Me: I don’t think there’s an area of my life it has not impacted. I’m an arm’s length from my cats sometimes! I mean, those walls went up when I was a teenager. My coping mechanism was writing. Instead of talking to people and talking to my family, I would just write it all down. You just build these walls around yourself where you’re sort of living in solitude. My walls were literally my bedroom walls, and it’s hard to tear that down. I go back home now, and I revert to 15-year-old me in a sense. I still don’t tell my family a whole lot of things that go on.
Those are only a few excerpts from a longer, deeper, and quite cathartic conversation. You can listen to the full discussion here.
It was nothing but a pleasurable experience – one that surprised me, I think surprised Tabitha although I won’t attempt to speak for her, and one that, on the whole, surprised our facilitator, Madison Mullen.
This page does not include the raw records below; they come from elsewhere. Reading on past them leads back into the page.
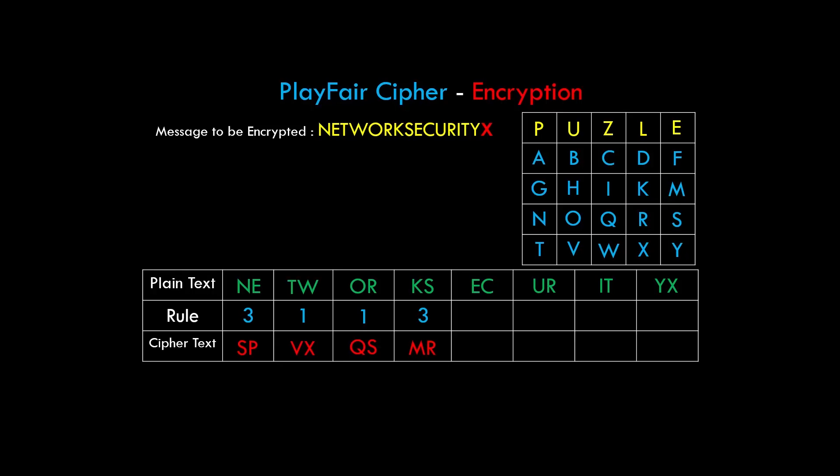For the block EC: E and C do not lie in the same row nor the same column, so rule 3 applies. We replace EC with the elements on the other diagonal, which is ZF. For UR: U and R don't lie in the same column nor row, so rule 3 applies — UR is replaced by LO. For IT: rule 3 applies as IT doesn't lie in the same row nor column, so the opposite diagonal is GW — IT is replaced by GW.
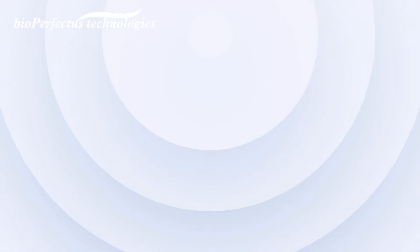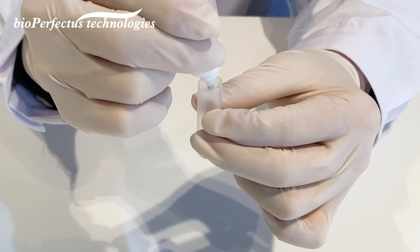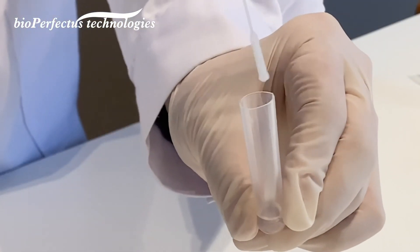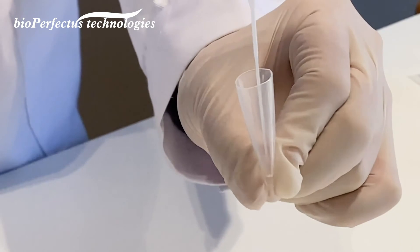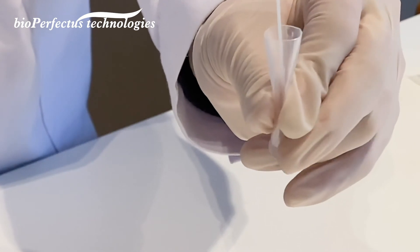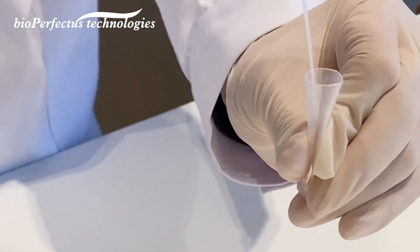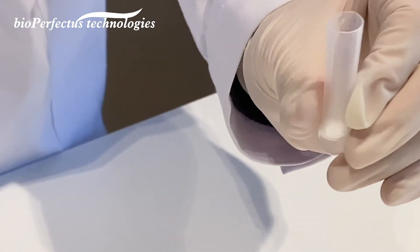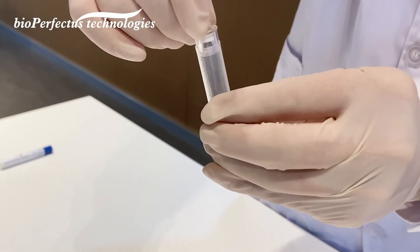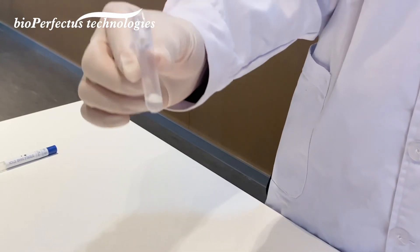Step two: take out the extraction tube and add the extraction buffer to the scale mark. Put the swab into the tube, thoroughly squeeze the tube, and rotate the swab. Then cover the tube with the dropper.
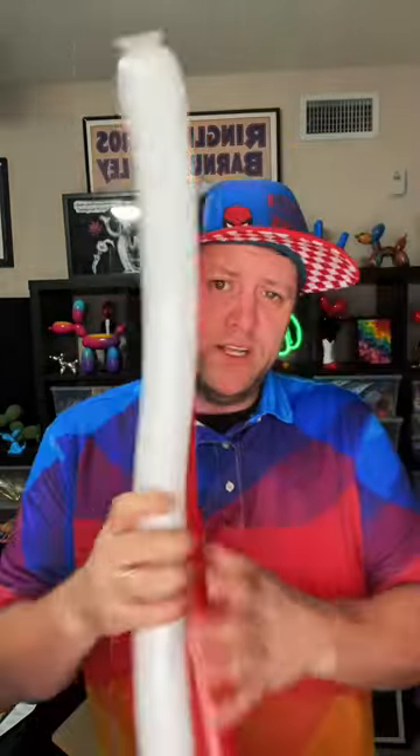Candy canes can be any color. They don't have to be red and white, but I like the traditional peppermint candy canes of red and white. So we've got our red and white balloons inflated pretty much all the way. I like to leave just a little bit of a nubbin at the end so that they have a little bit of squeezability. You don't want them to be overinflated.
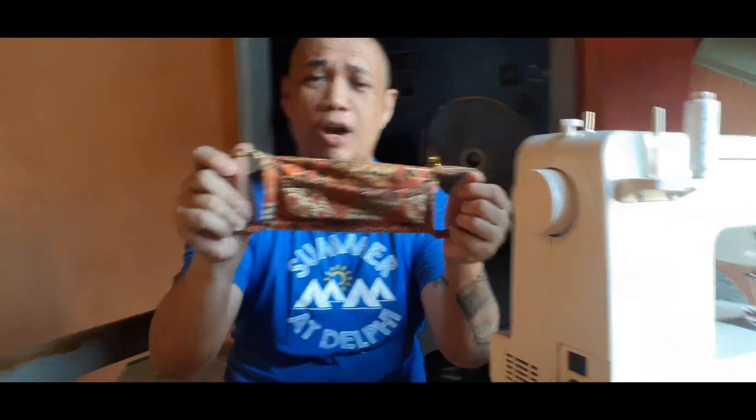At yun ang ating mga DIY face mask. Sana may nakutunan kayo kahit konti, at sana makatipid kayo, kasi kailangan ng marami ang face mask ngayong araw na to. At sa mga hindi pa nag-subscribe, just hit the subscribe button and hit that notification bell para ma-update naman kayo sa lahat ng mga videos natin. Kaya, yun lang. Adios! Babu!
I spoke to Madison at a wrap-up celebration and asked her how she felt about her time in the Mountain State – specifically the number of LGBT contributors to the project.
“I think that my experience has largely been witnessing a lot of stereotypes being broken,” she said. “I’m not from West Virginia, and I’ve never been here, but everything I’ve heard about – especially following the 2016 election – was portraying Appalachia and West Virginia in a particular way. I was completely overwhelmed and also shocked at the representation from the LGBT community. Not only in their forward-thinkingness and their reflections on what it means to be gay or different at all in Charleston, but also a lot of folks from the community talked about issues of acceptance as well. I think that, for the community to have this archive, is going to be really meaningful.”
I agree. At the end of Tabitha’s and my discussion, I said to her, “I feel like I know you so much better. I even feel like I know myself a little bit better.” And that is a powerful thing.
If StoryCorps ever comes to your town, find a friend, loved one, acquaintance, even a stranger, and go.